Making of a Bestseller (Book Review - Ravi Subramanian's The Bestseller She Wrote)

The Bestseller She Wrote
Author: Ravi Subramanian
Genre: Fiction
Pages: 391
Publisher: Westland Ltd

'The Bestseller She Wrote' is the story of Aditya Kapoor, a famous author, the Paperback King of India, who has it all. A good job, a flourishing writing career, and a great family.
Enter, the young, vibrant Shreya Kaushik. Shreya has an ambition of being a bestselling author and she chooses to string along with Aditya.
What follows is a meandering tale of Love, Betrayal, and Redemption.

From the word go, Aditya Kapoor's character has a glimpse of (or more than a glimpse of) the author, Ravi Subramanian.
Aditya Kapoor has managed to keep the masses and critics equally enthused.

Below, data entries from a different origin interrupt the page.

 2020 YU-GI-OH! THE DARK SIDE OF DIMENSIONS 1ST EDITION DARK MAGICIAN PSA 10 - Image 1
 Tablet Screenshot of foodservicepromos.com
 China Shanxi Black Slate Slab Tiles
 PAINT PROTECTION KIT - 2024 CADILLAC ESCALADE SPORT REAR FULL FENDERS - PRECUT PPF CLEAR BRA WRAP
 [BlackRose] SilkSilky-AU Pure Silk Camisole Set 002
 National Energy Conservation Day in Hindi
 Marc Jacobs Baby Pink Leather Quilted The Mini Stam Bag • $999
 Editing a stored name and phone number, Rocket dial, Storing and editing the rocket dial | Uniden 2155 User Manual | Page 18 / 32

I have read two books by Ravi Subramanian before this - 'If God Was a Banker' and 'God is a Gamer'.
This book is unlike either. From what I have read about Subramanian's other books too, it is unlike any other book he has written before this.
Personal relationships reign higher in 'The Bestseller She Wrote'. Although the protagonist Aditya Kapoor works in a bank (the world of banking has played an important role in the previous two books I have read, as is obvious from their titles), his being an author forms the main plot of this story.

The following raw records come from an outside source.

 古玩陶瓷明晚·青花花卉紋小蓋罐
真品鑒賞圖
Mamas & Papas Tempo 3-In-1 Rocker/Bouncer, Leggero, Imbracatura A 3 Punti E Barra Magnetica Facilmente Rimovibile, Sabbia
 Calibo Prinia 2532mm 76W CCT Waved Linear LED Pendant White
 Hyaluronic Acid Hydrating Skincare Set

I found Shreya's character to be very unrealistic. Her actions were rather erratic and inconsistent.

The 'fictional' story of 'The Bestseller She Wrote' finds mention of many real people. In some cases, their actual names have been used, and at times, the names have been altered so little that it wouldn't be difficult to guess who is being written about.
Reading between the lines takes an all-new meaning with such strong hints thrown around.

Aditya Kapoor gives a lot of contentious and cynical advice about the world of writing.

Aditya Kapoor says "Half the people, who have an opinion on current Indian authors, haven't even read them."
I do wonder if it is Aditya Kapoor's thoughts, or Ravi Subramanian's. I think as a reader the search for autobiographical touch from the author is expected since the story is about an author.
An author, who has a bank job, writes thrillers and defends Indian authors.

The writing of 'The Bestseller She Wrote' is easy to read. The plot has many and some very unexpected twists. The climax (in keeping with Subramanian's style) is a bit surprising.